WHAT TO WORK ON: Repeat, please, exactly the lines from the one that has "Jimena | Relaxed" through the end of the records below, with pictures dropped.

--------------------------------------------------

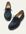 Chunky Sole Leather Deck Shoes Navy Women , Navy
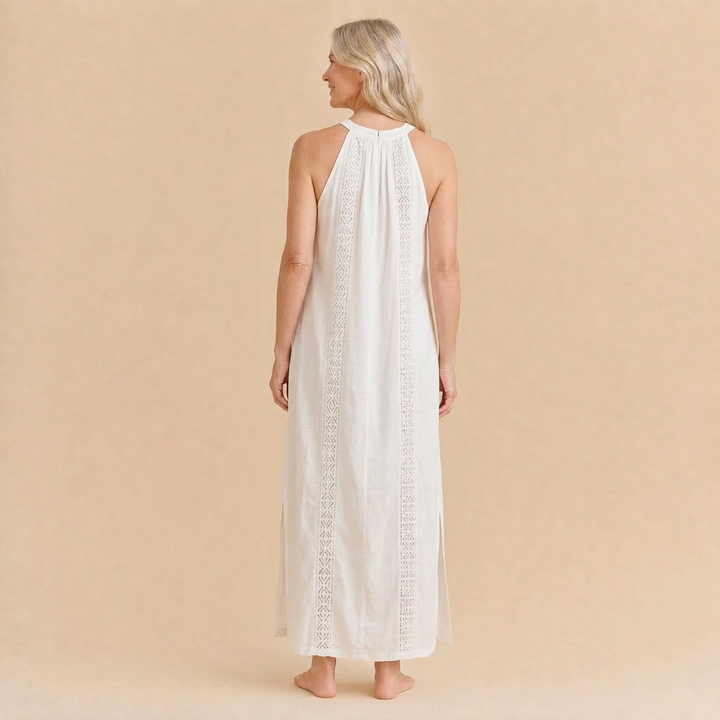 Jimena | Relaxed Embroidered Mandarin Collar Midi Dress
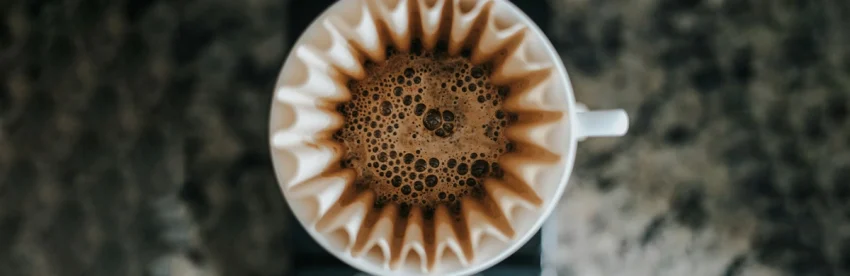 Top-down view of coffee blooming through a white fluted paper coffee filter set in a pour-over dripper, against a dark stone background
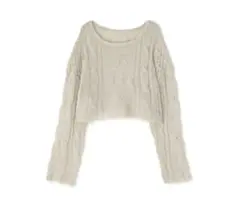 NATURAL BEAUTY BASIC スパンコールケーブルシアーニット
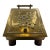 Antique Late Victorian English Brass Coal Scuttle With Embossed Floral & Bee Motif For Sale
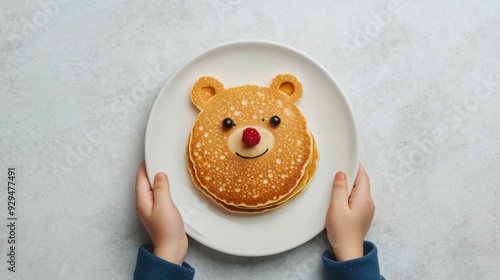 A cute bear-shaped pancake served on a plate, decorated with chocolate and fruit.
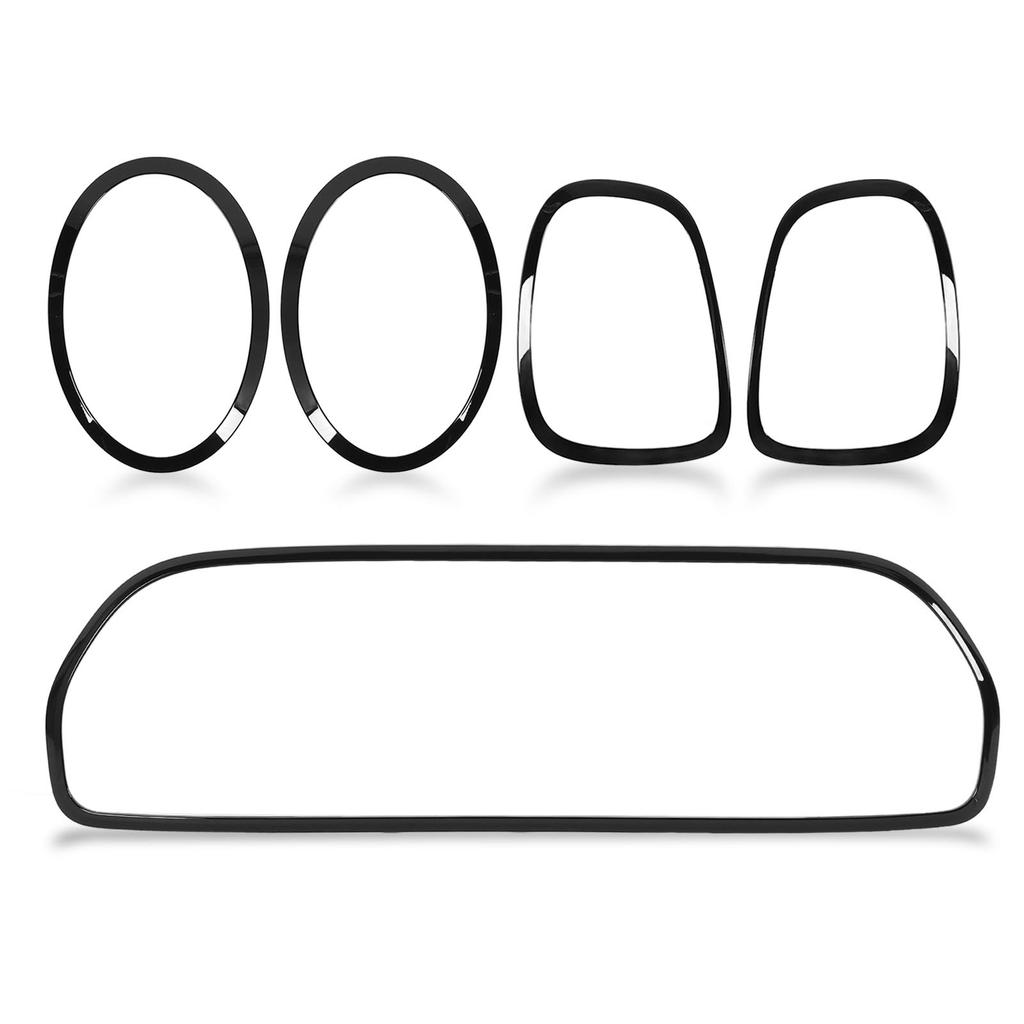 5pcs Gloss Black Headlight Taillight Grille Surround Cover Trims Kits 51119450552 Replacement for SE Standard F55 F56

--------------------------------------------------

RESULT:
 Jimena | Relaxed Embroidered Mandarin Collar Midi Dress
 Top-down view of coffee blooming through a white fluted paper coffee filter set in a pour-over dripper, against a dark stone background
 NATURAL BEAUTY BASIC スパンコールケーブルシアーニット
 Antique Late Victorian English Brass Coal Scuttle With Embossed Floral & Bee Motif For Sale
 A cute bear-shaped pancake served on a plate, decorated with chocolate and fruit.
 5pcs Gloss Black Headlight Taillight Grille Surround Cover Trims Kits 51119450552 Replacement for SE Standard F55 F56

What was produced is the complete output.